I got my Concealed Weapons Permit. In 38 states, I can carry a concealed weapon most everywhere. In 27 states, I can carry my weapon in plain sight — Old West or Rambo-style, for instance. In eight states, if I go to a college, I can bring a gun to school.

George wasn’t impressed. Despite my permit and his family’s rave reviews about my commitment to trying to understand, George refused to meet me — unless I arranged to pay for him to stay in the concierge level of a hotel for a week. Which he must’ve known was a non-starter. He tried the same thing when Barbara Walters had found him, and she said, “Uh, no.”

Robert was bereft. He couldn’t rebrand George if George wouldn’t co-operate.

So I never got the story—what exactly happened between “shit beaten out of you” for touching a gun and “duty to defend himself.” After spending so much time around the Zimmermans I can guess that it was some toxic cocktail of the fear-mongering of the domestic far right, the genuine fear raised by foreign far right, materialism, the economic boom and the economic bust, credit that was too easy, debt that was too hard, an ego that was to big, a self-esteem that was too small, fear of darkness within and without us, and way too easy access to guns.

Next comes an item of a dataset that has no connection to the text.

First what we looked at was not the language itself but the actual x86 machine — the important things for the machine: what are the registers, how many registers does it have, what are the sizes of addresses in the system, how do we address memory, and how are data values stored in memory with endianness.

But, really, that’s all a guess.

I can tell you with reasonable certainty that George is not, as he wrote on the auction website, selling the gun to raise money to fight “BLM (Black Lives Matter) violence” and “Hillary Clinton’s anti-firearm rhetoric.”

If a year ago, he was so broke he was begging a week, he’s more broke now—and the klieg lights are fading so, probably, too, is his welcome on all of the supporters’ sofas he’s been surfing since.

I’m sure of his that the senior Zimmermans are humiliated, again. “I know it seems like George is greedy,” his father told me. “But, really, he’s just been through a lot.”

And what I absolutely know is that George still has many guns.